If you thought that the Apple Watch was a good looking piece of tech (or fashion) on the outside, just wait until you see the components on the inside. Since the Apple I days, Apple has always been a proponent of the belief that the way the inside of a product looks is just as important as the outside, and that’s clearly a philosophy carried into Apple’s first post-Jobs product category. Seriously, this thing is incredible.
Before digging into the device, iFixit’s Julia Bluff notes that “The hype does not disappoint. The watch is a masterwork of utilitarianism and high fashion, keeping with Marc Newson’s legacy of timepiece craftsmanship. Truly, Apple’s crowning achievement. We were concerned with repairability and device longevity, but our fears were quickly relieved. The device is easily repaired by a trained technician—and we expect the battery life to exceed expectations.”
Easily repaired, huh? That’s a term we don’t hear in connotation with most recent Apple offerings. Hopefully, this is the start of a new trend!

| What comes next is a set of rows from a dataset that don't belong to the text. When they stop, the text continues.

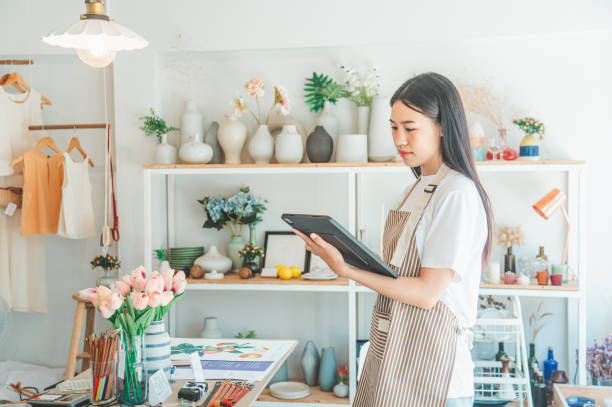 istock Small business owners are preparing a small shop and checking through a tablet and checking orders. 1682013064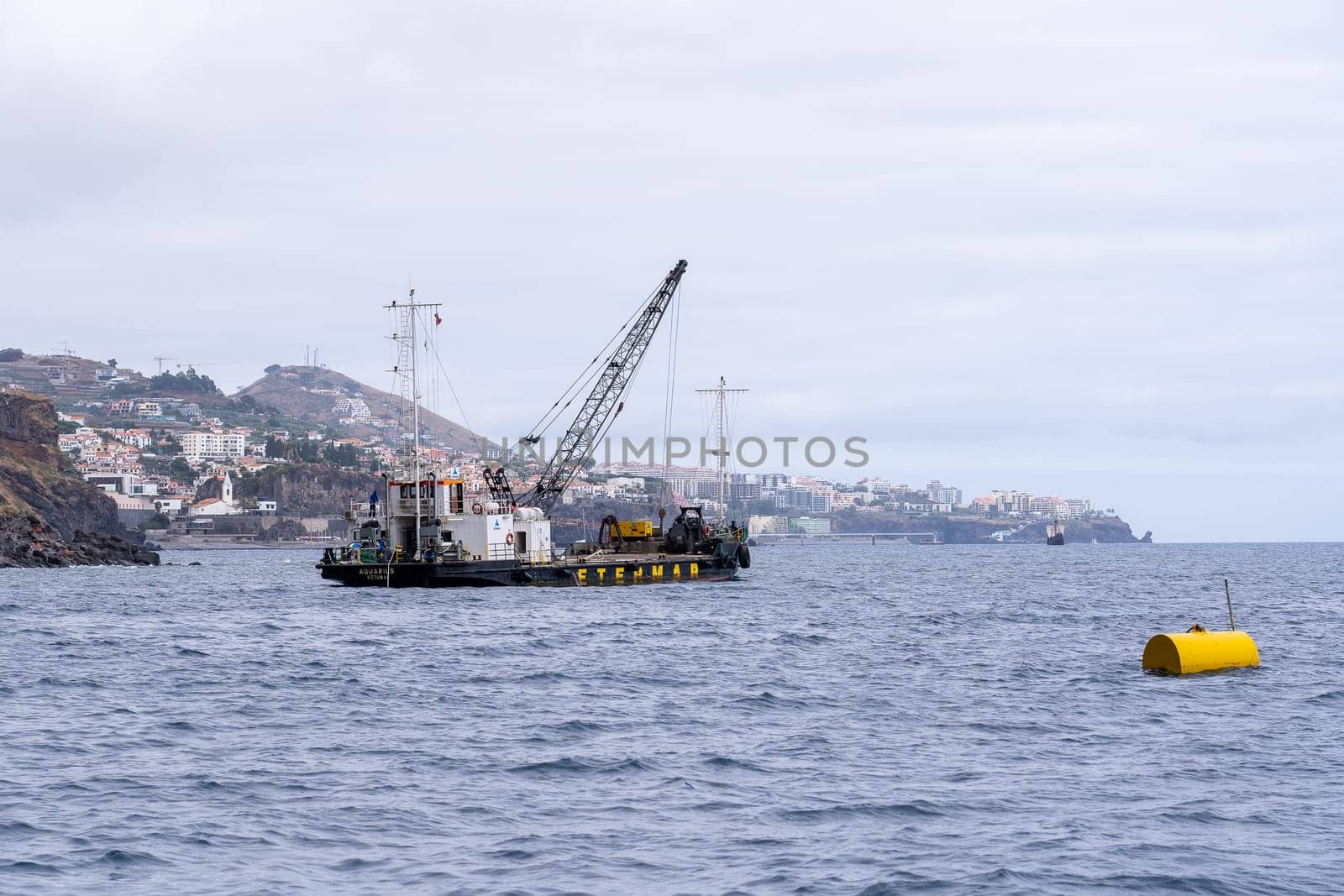 Madeira / Portugal - July 15, 2021. The industrial ship with workers moored at Madeira coast.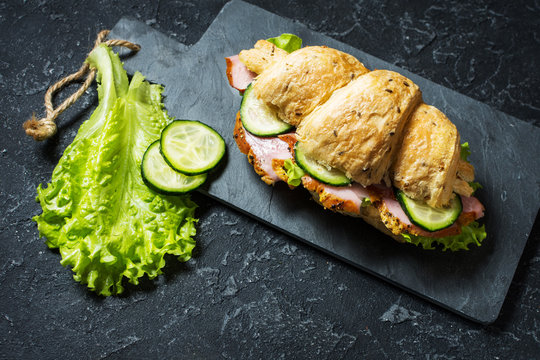 Croissant with cheese, ham, cucumber and salad on a stone background
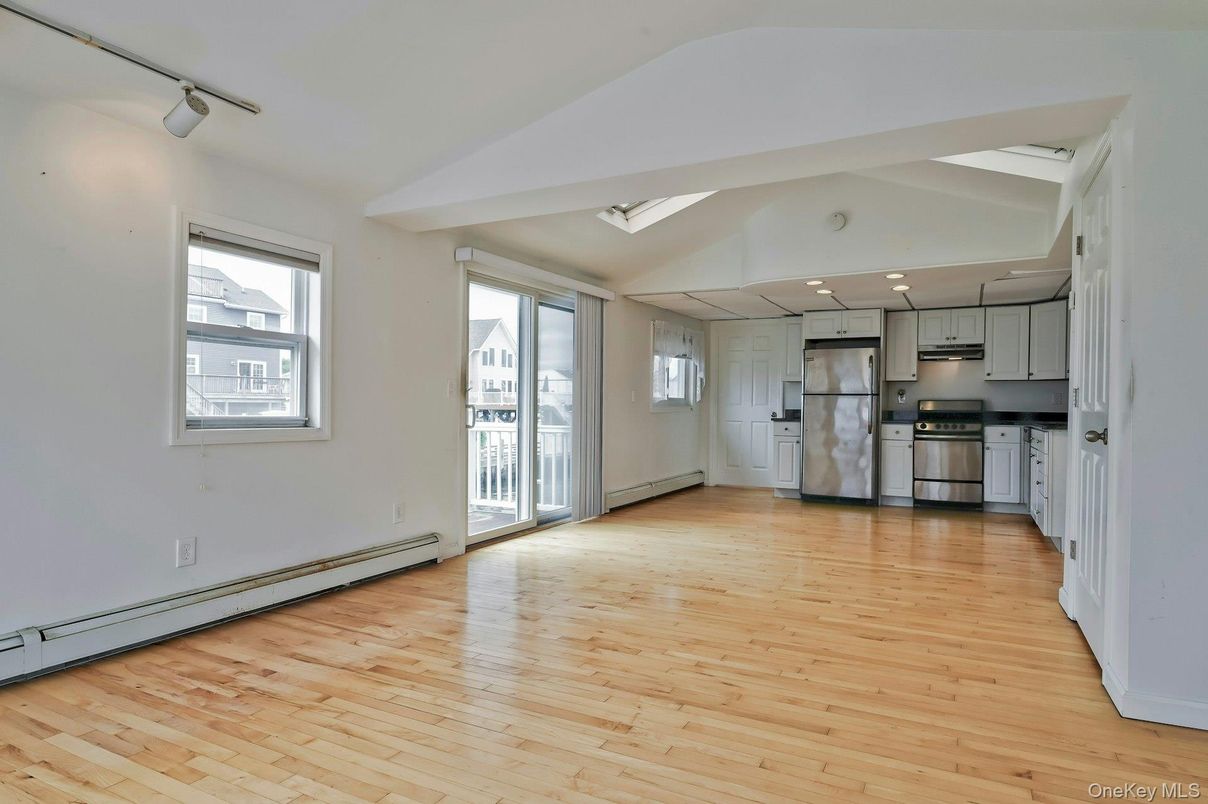 Empty room, Interior, Kitchen, Stainless Steel Appliances, Wood Texture Flooring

Those worried about replacing broken glass (especially in the extremely scratch-resistant, but more shatter-prone sapphire option) should note that the glass covering is easily removed and replaced, even from the laminated display. This marks a true evolution in Apple’s display engineering, as cracking the glass of any laminated iPhone or iPad Air 2 display will force you to replace the entire front panel.
I was already planning to pick up the Apple Watch, but as someone who doesn’t often wear a wristwatch, I’ve always felt wary of the durability of such a device. After poring over iFixit’s highly detailed teardown, however, I can sleep easy knowing that if the unthinkable does happen, an easy repair is just a Genius Bar visit away.
Again, you can check out iFixit’s full teardown here, or watch their video version below!
Be sure to let us know which version of the Apple Watch you plan to pick up, and if you were fooled by iFixit’s clever April Fool’s day prank. The watch torn apart was actually a real Apple timepiece, made available to customers back in 1995.